企業法務
年次有給休暇の強制付与制度について
1 はじめに
政府は、平成27年12月25日に閣議決定された第4次男女共同参画基本計画 の中で、2020年までに、「年次有給休暇取得率を70%とする」との数値目標を掲げました。
また、改正が予定されている労働基準法においては、10日以上の年次有給休暇が付与される労働者については、年に5日以上の有給休暇を取得することを企業側の義務とする内容が規定される見込みとなっています。 そこで、今回は、この年次有給休暇の強制付与制度について説明したいと思います。なお、以下の説明は、第189回国会で提出された内閣提出法律案(「労働基準法の一部を改正する法律案」)に基づいておりますので、今後の審議状況によって内容が変更される可能性があることにご留意ください。
2 有給休暇の仕組みについて
まず、有給休暇の仕組みについて説明します。有給休暇を取得することは、「労働基準法」によって定められた、労働者が平等に持つ権利です。 有給休暇を取得するには、以下の2つの要件を満たしていることが必要です。

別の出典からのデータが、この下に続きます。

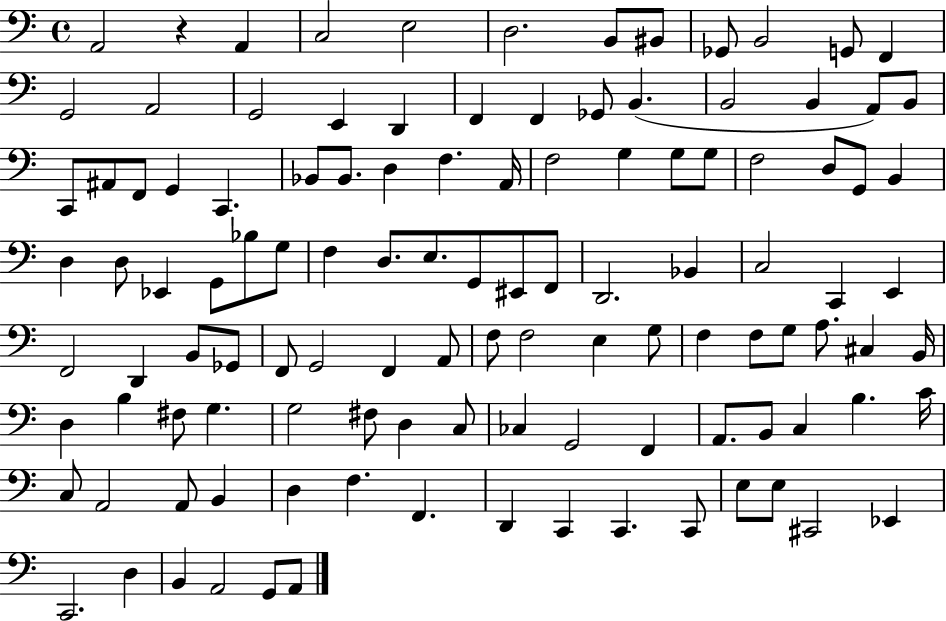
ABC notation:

- 仕事を開始してから6ヶ月間継続して働いていること
- 労働日のうち8割以上出勤していること
上記の要件を満たすと、10日の有給休暇が付与されます。そして、有給休暇の日数は、勤続年数が長くなるほど増えていきます。また、有給休暇の有効期限は2年間です。そのため、ひとつの会社に長く勤めている人であっても、一度に保有できる最大の有給休暇は40日となります。この有給休暇は、正社員や契約社員はもちろん、派遣やパートやアルバイトで働く人にも付与されています。

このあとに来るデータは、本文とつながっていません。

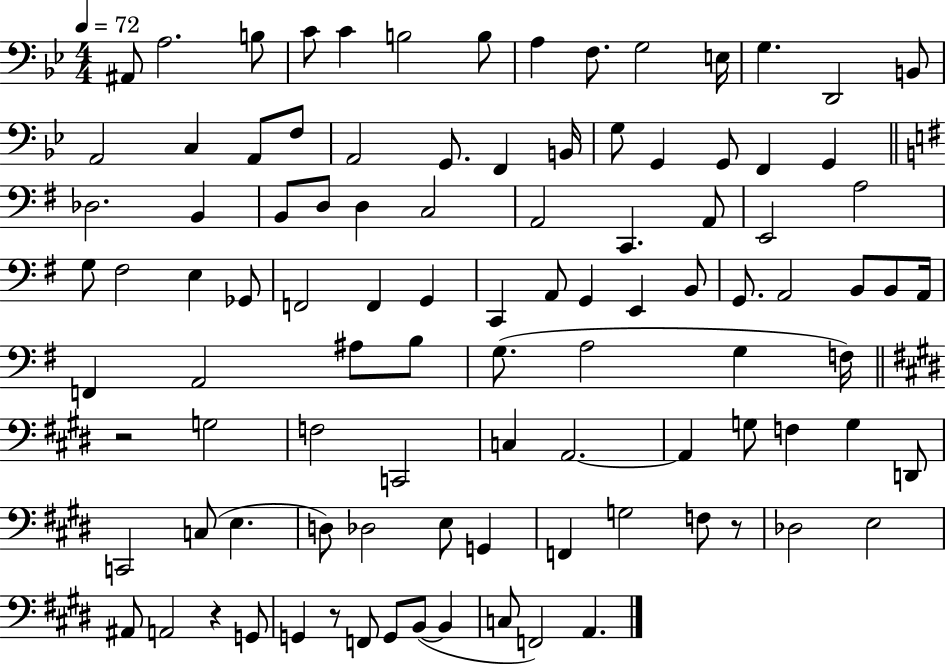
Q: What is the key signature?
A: BES major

有給休暇は労働者の権利なので、「有給休暇を取りたい」と申し出があった場合、基本的に企業は断ることができません。ただ、企業側には「時季変更権」という権利があり、業務の正常な運用を妨げる理由がある場合に限り、有給休暇を別日に取得するように指示をすることができます(労働基準法第39条第5項)。業務の正常な運用を妨げる場合というのは、労働者が会社の繁忙期や重要な仕事を任されている際に休暇を取得すること等を指します。
3 年次有給休暇の取得状況
厚生労働省の公表している「平成29年就労条件総合調査結果の概要」の「労働者1人平均年次有給休暇の取得状況」では、平成28年1年間に企業が付与した年次有給休暇日数(繰越日数を除く。)は、労働者1人あたりの平均は18.2日で、そのうち労働者による取得日数の平均は9.0日となっており、取得率は、49.4%となっています。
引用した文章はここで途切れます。